This is a 3-states machine with 1 count-down baud counter and minimal random logic. Maybe I can come up with something else using a CD4040 ? Let's see...

The '595 and the '273 latch on a rising clock edge. If we look at the right output stage of the CD4040, this corresponds to the half time of a bit period (and if not, we can still complement the clock bit).

It is possible to drive the shift register with a 180° phase, relative to the baud clock running after the CLR pin is released (end of reset). The big difference with FPGA design techniques is that we can play with reset and clock lines, both these resources are constrained inside a FPGA fabric and clock gating often penalizes performance or gate count.Here we are free from the constraint of a single-clock synchronous design rule.

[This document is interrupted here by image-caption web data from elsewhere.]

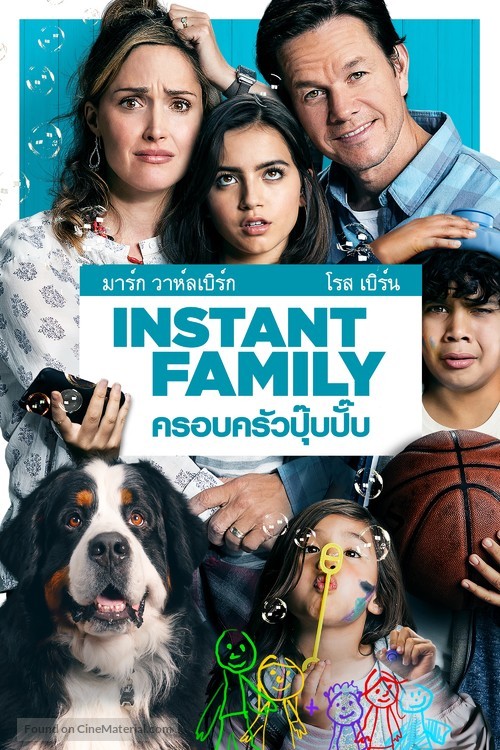 Instant Family - Thai Video on demand movie cover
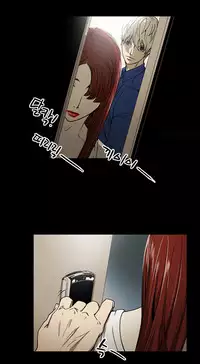 Ace Ch.1-26 (English) (Ongoing)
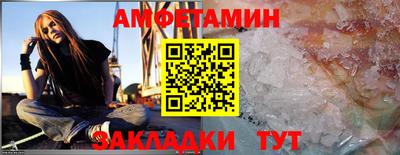 альфа пвп VHQ Конаково
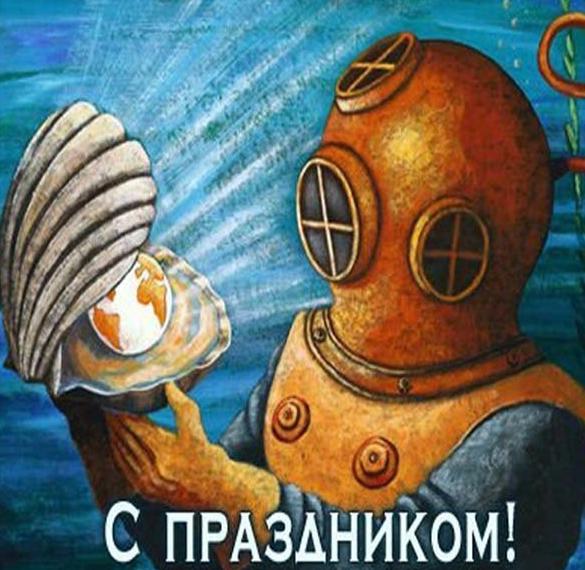 Скачать бесплатно Красивая открытка с днем водолаза на сайте WishesCards.ru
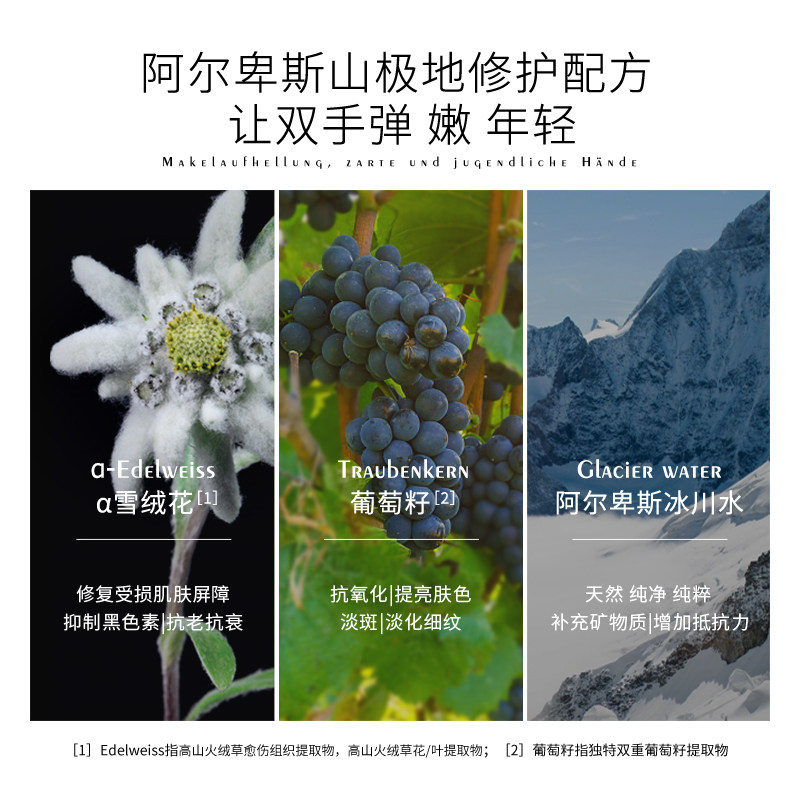 瑞士进口tal手部清洁露洗手液手膜 tal海外手部保养套装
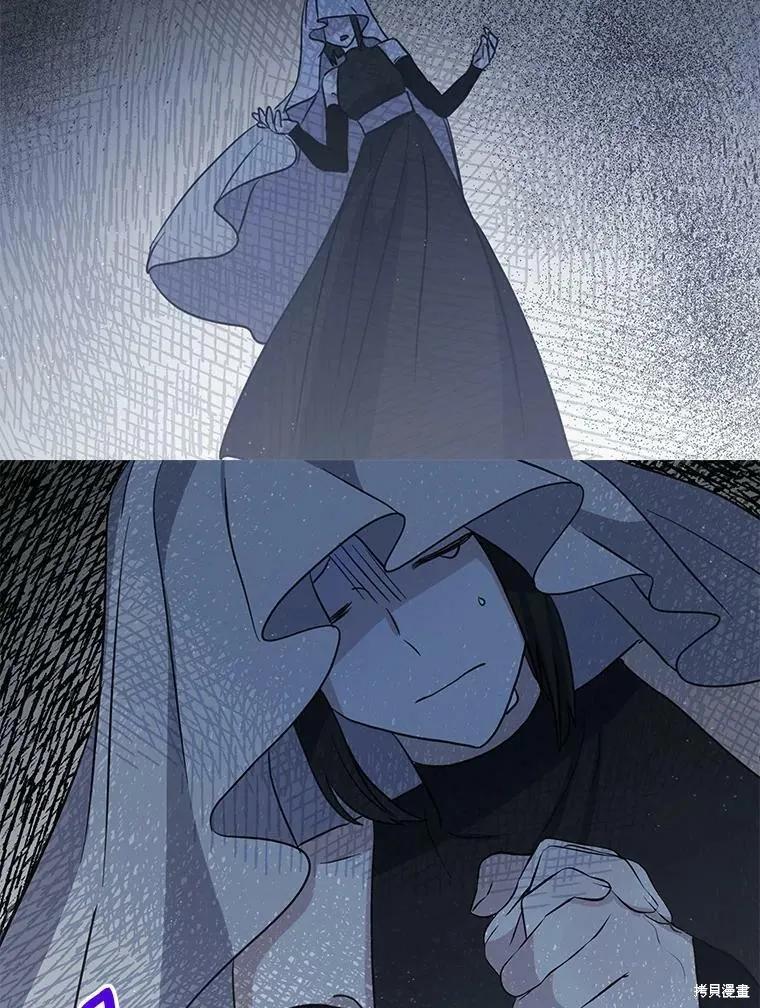《我是勇者的前女友》第75话 第56页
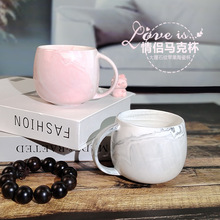 北欧风大理石纹陶瓷苹果杯下午茶男女情侣咖啡杯庆典伴手礼马克杯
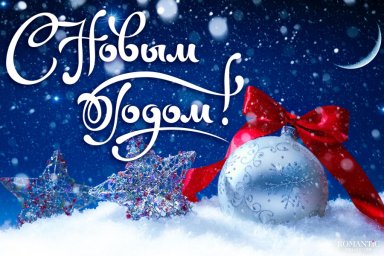 Студия «Ночное такси» поздравляет с Новым годом! Студия «Ночное такси» поздравляет с Новым годом!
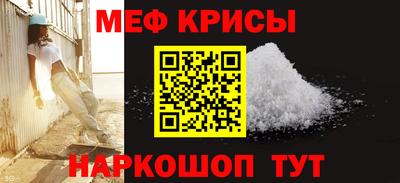 кристаллы Чебоксары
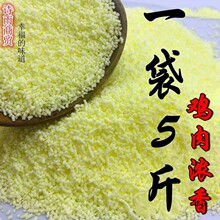 �u���������5�����uζ���{ζ�ϼ��ô���b곴ʳ������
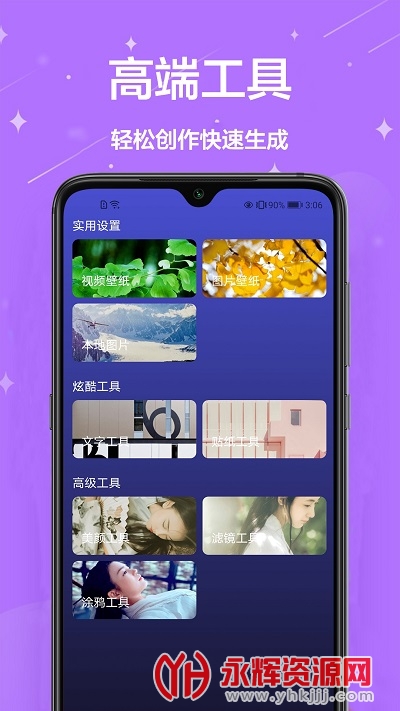 主题君app官方版 主题君app官方版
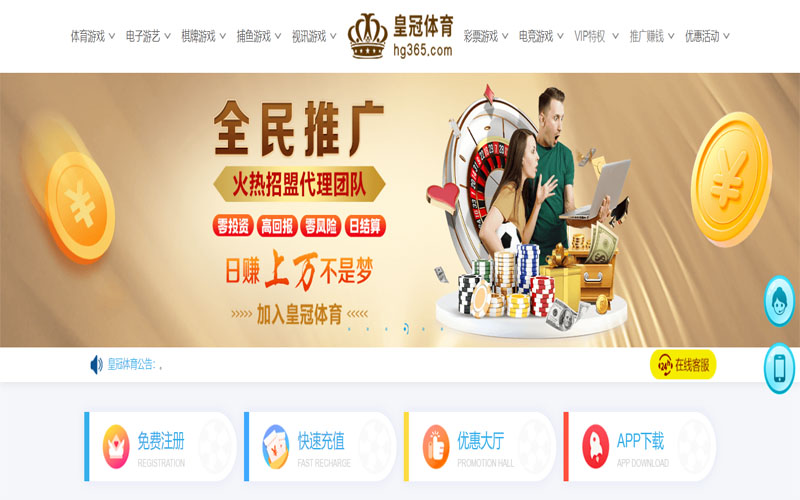 新葡京官网体育注册账户和游戏下注使用权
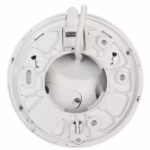 DAHUA IPC-HDW2649TM-S-IL-0280B камера тип eyeball за цветни нощни записи при важно събитие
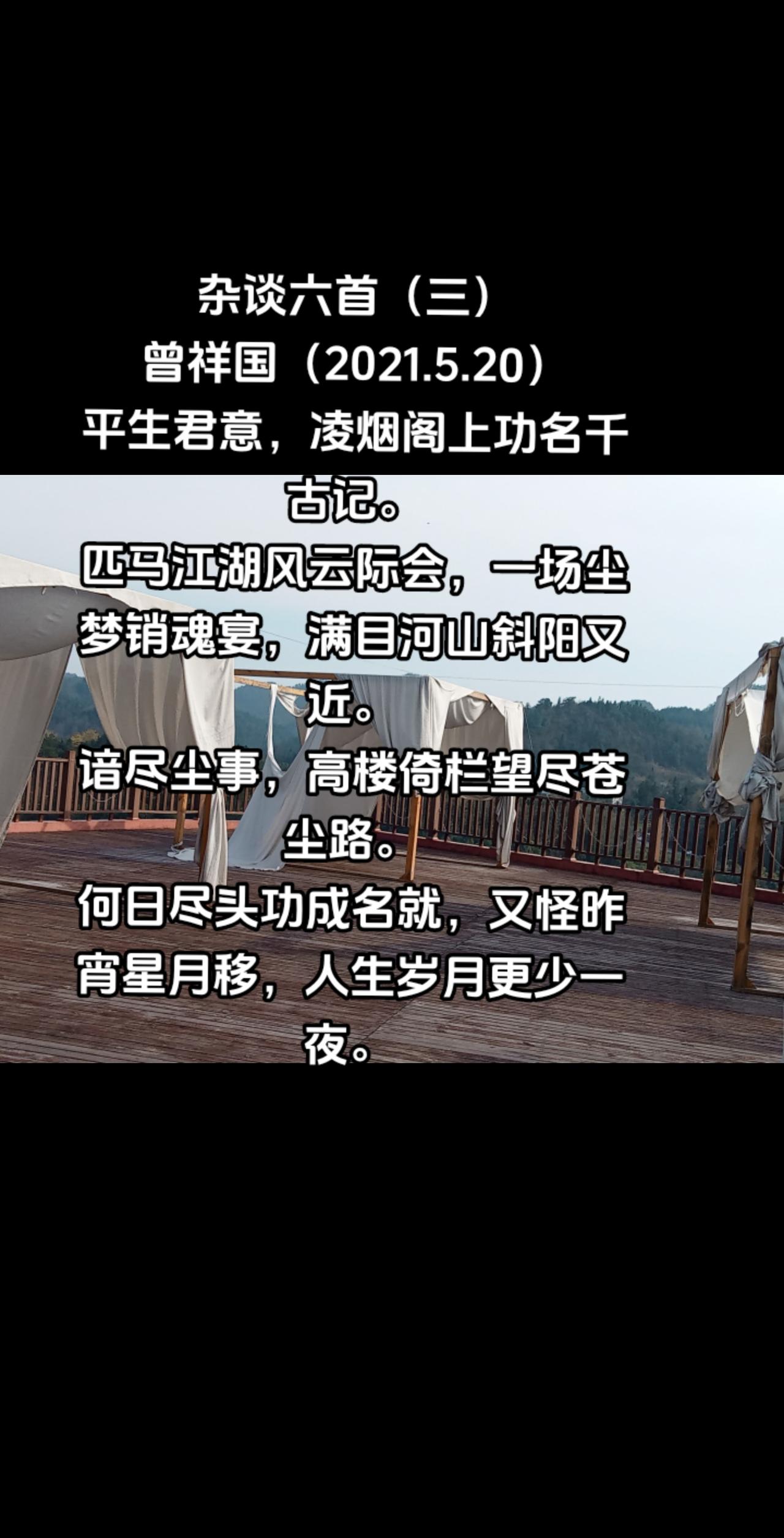 杂谈六首（三）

Another "trick" for the START bit detection : we can use the serial data input to control the counter's reset line (after a NOT because CLR is active low). This starts the counter from 0 when a falling edge appears. After a while, one of the outputs (here, the 115200) goes high and we can use this information to say "we got a long enough low pulse".

So we have detected the start pulse but the rest is possible only if we can keep the CLR input from going low again, at least not until we have shifted everything in. A feedback gate is necesary.

The final circuit doesn't implement the "short START bit detection" because it is too unlikely to happen. Instaed I have built the control circuit around a synchronous RS structure where reset has priority over set. The delay that the DFF gate adds keeps the output signals clean with fixed 300ns transients/pulses at the output of the AND3 gate, which can trigger other circuits.

The principle is simple :

• Set CLR high when Din is low
• If 115200, 57600 and 7200 are high, pull CLR low and send a strobe to V (if Din is set).

This design is not the best but it's simple, cheap, works "in nominal conditions" and uses only available simple gates.

• binary counter : CD4040 or similar
• shift register (not represented) can be a '595, '574 or '273...
• 2 DFF (one 74HC74 ?)
• 4 AND2 (one 74HC08 ?)
• 2 inverters as used for the Xtal osc: NC7ST04
• one OR gate (can be a SN74LVC1G type)

The SET/RESET logic (OR-AND) can be reduced to a single 3input gate, such as some modern SOT23 gates.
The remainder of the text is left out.